Cooper posted the picture. I don’t need the geotag—RICHMOND, VIRGINIA—to know where the shot was taken. It’s our brunch spot. The one he, Sadie, Peter, and I used to go to most Saturdays.

Peter and Petra are visiting them.

I can’t breathe. My clothes feel too tight, my skin hot and itchy. I stumble to the window and my arms have gone too weak to open it on the first try. When I finally do, there’s no breeze to break the heat, anyway.

It’s one thing to be replaced by an ex. It’s another to feel like your whole life has been handed over to someone else.

I think I might be sick. I even go into the bathroom, just in case.

This is your fault, a voice whispers from the back of my mind. You’re the one who built everything around him.

Moved to his hometown. Let Sadie’s and my relationship get absorbed by the four of us, our weekly girls’ nights becoming double dates, our weekend trips replaced with couples’ vacations, our conversations unfolding in our group chat instead of on long phone calls. I’m the one who put all my eggs in the incredibly awkward basket of willfully befriending Scott and the rest of Peter’s Waning Bay buddies instead of making my own—never mind how hard it is to make headway into a group who’s mostly interested in rehashing shared memories. Moved into a house that belonged only to Peter.

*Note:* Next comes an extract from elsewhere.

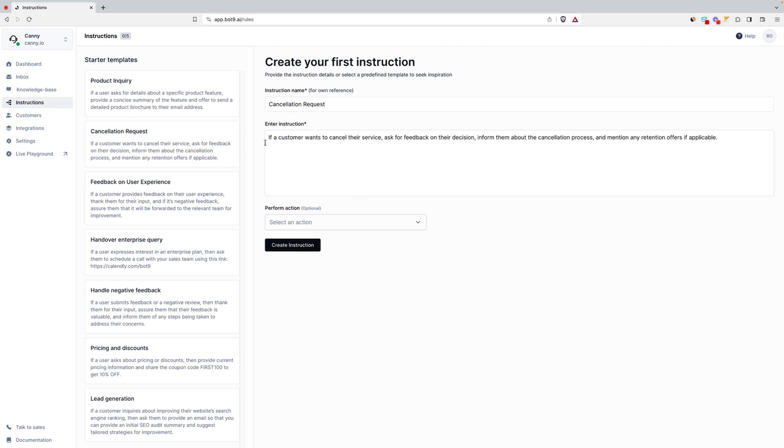Let's say you want to create a rule for customers cancelling their subscription. When a customer asks to cancel, that request will trigger your chatbot to ask for feedback, explain the cancellation process, or pitch retention offers. This feature streamlines all things customer support.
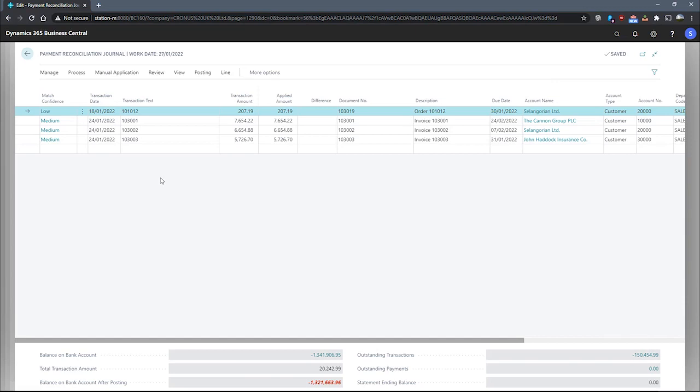The function will also treat the sign on amounts differently. For positive amounts, a match will be made firstly against open entries for vendor invoices. If they do not apply, then Business Central will consider customer credit memos.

Miles was right. I need to stop fixating on how much I’ve lost, and focus on building something new. I already knew my old life was over. Sitting here and simmering in it won’t do me any good.

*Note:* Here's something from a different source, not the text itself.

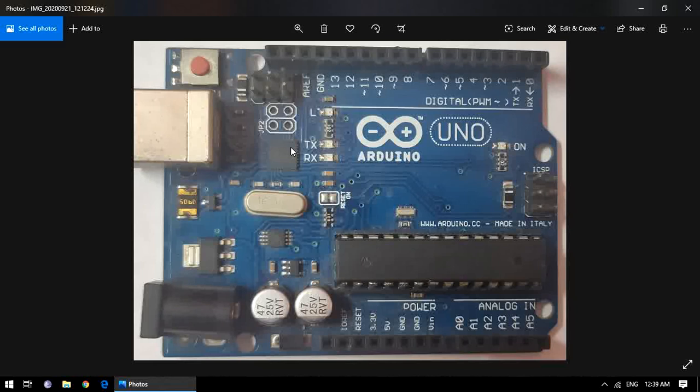After understanding the role of the Atmega16U2, let's introduce the other microcontroller which is the main heart of Arduino Uno — that is the Atmega328. A microcontroller is a combination of a microprocessor, memory, and input/output ports, all embedded inside a single silicon chip forming a single microcontroller.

I close the toilet and sit atop the lid, pulling up my messages with Ashleigh. You said you had a hobby I could borrow? I type.

Every fourth Wednesday of the month. AKA tomorrow, she writes. You in?

What is it? I ask. All you said is it isn’t “organized exercise.”

Still true, she replies. Don’t show up in raggedy sweats.

Is it DISorganized exercise? I ask.

That’s certainly closer, she says.

Great, I say, and then I text Miles too. Maybe it’s a mistake, maybe it’s not smart, but being “smart” hasn’t paid off well for me thus far.

I’m in for Saturday, I tell him.

This is not how I pictured Ashleigh’s monthly poker night.

For one thing, the man who answers the door to the bilevel five miles outside town isn’t a stranger.

He’s a seventy-something-year-old dead ringer for Morgan Freeman, as long as you ignore the full Red Wings–branded sweatsuit and matching slippers, which don’t strike me as a particularly Freemanesque sartorial choice.

“About time you showed up!” he greets us and steps aside to let us into his home.

“Harvey!” I say, too stunned to move.

“Sorry we’re late.” Ashleigh tips her head toward me. “Daphne’s fault, obviously.”

Harvey snorts. “I know I’ve got a youthful glow, but I wasn’t born yesterday. Come in, come in. Shoes off. Everyone’s back in the breakfast nook.”

I slip my loafers off next to Ashleigh’s knee-high boots and we follow Harvey down a narrow, wood-paneled wall toward the sound of smooth jazz and the potent smell of cigar smoke. Every inch of the walls is devoted to at least three generations of family photos, ranging from recent shots of his granddaughters’ soccer tournaments all the way back to time-faded wedding portraits of him and his late wife.